Functional Programming helpers from purrr and friends, part 1 | Rowwise operations
Dec 18, 2018
Ernest Omane-Kodie
4 minute read

via GIPHY

Motivation

This series of blog posts is inspired by David Robinson’s tweet:

When you’ve given the same in-person advice 3 times, write a blog post.

In each instalment in the series, I will walk through simple scenarios to illustrate how functional programming tools from purrr and related packages can bring quality of life improvements to tidyverse workflows.

library(tidyverse)
library(magrittr)
library(kableExtra)
pretty_print <- function(df){
  result <- df %>% 
    kable() %>% 
    kable_styling(font_size = 14) %>% 
    row_spec(0, bold = T, font_size = 14)
  return(result)
}

Rowwise operations on all columns in a dataframe

Background

We will use a small subset of the planes dataset to illustrate this example.

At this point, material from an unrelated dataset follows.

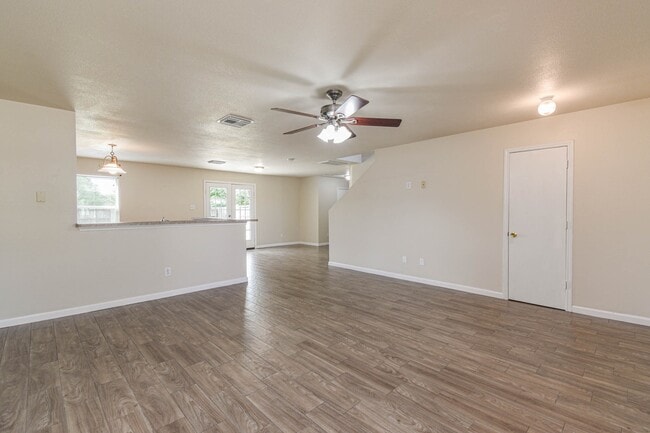 Photo - 19807 Mallard Point Ct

df <- nycflights13::planes %>% 
  select(tailnum, year, engine) %>% 
  head(4)

df %>% pretty_print
tailnum year engine
N10156 2004 Turbo-fan
N102UW 1998 Turbo-fan
N103US 1999 Turbo-fan
N104UW 1999 Turbo-fan

Suppose we want to create a new column by concatenating elements in each row of the dataframe to form a string.

Base R provides a functional (a function which takes one or more functions as arguments) for performing this type of operation: apply. apply belongs to a special group of functionals: the map family (functions that take a function and a list as inputs, and return a new list with the function applied to each element from the list).

How does it work?

Under the hood, apply inspects the object to which the function will be applied and coerces it to a matrix if the object is two-dimentional (e.g. a dataframe). Otherwise, the object is coerced to an array. After this step, the function is applied to either the rows (along MARGIN 1) or columns (along MARGIN 2) of the matrix or array.

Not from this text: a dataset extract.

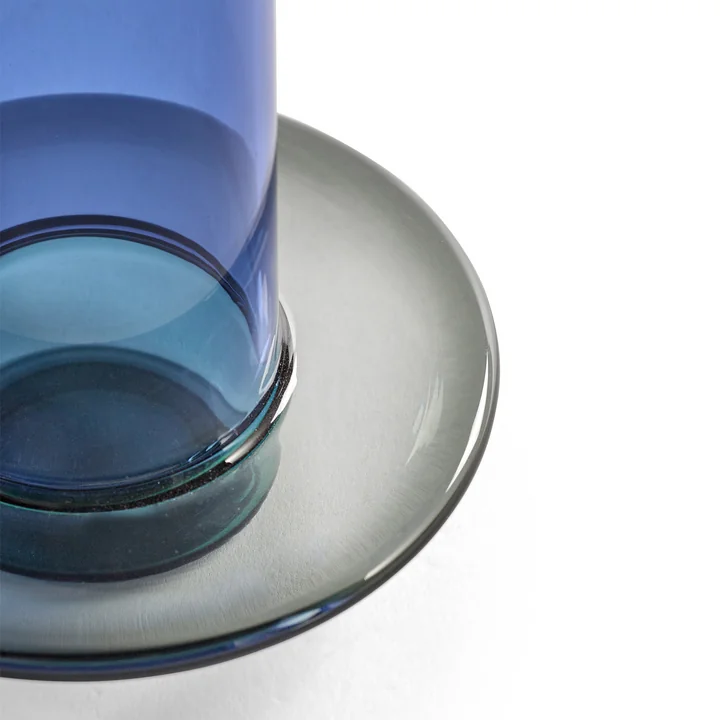 Serax - Towers Vase S, mix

This means that rowwise string concatenation in base R will look like this:

df_base <- df
df_base$id = apply(df, 1, paste, collapse = " ")
pretty_print(df_base)
tailnum year engine id
N10156 2004 Turbo-fan N10156 2004 Turbo-fan
N102UW 1998 Turbo-fan N102UW 1998 Turbo-fan
N103US 1999 Turbo-fan N103US 1999 Turbo-fan
N104UW 1999 Turbo-fan N104UW 1999 Turbo-fan

How can we implement this operation with tidyverse tools?

We can solve this with purrr::pmap in a dplyr::mutate call. pmap is a member of purrr’s implementation the map family of functions which allows vectorized iteration over more than one argument.

If you are new to purrr, the iteration chapter of R for Data Science is worth reading.

We will solve the problem in our example in two steps:

  • Create an anonymous function which performs string concatenation on any number of arguments passed to it

  • Pass the anonymous function as an argument to pmap_chr.

pmap_chr is a stricter variant of pmap which always returns a character vector. This ensures that there are no surprises in our output as a result of R’s weak type system.

df %>% 
  mutate(id = pmap_chr(., ~paste(..., collapse = " "))) %>% 
  pretty_print() 
tailnum year engine id
N10156 2004 Turbo-fan N10156 2004 Turbo-fan
N102UW 1998 Turbo-fan N102UW 1998 Turbo-fan
N103US 1999 Turbo-fan N103US 1999 Turbo-fan
N104UW 1999 Turbo-fan N104UW 1999 Turbo-fan

Notice that instead of passing an anonymous function to pmap we passed a formula. purrr supports this syntax to make it possible for users to create very compact anonymous functions on the fly.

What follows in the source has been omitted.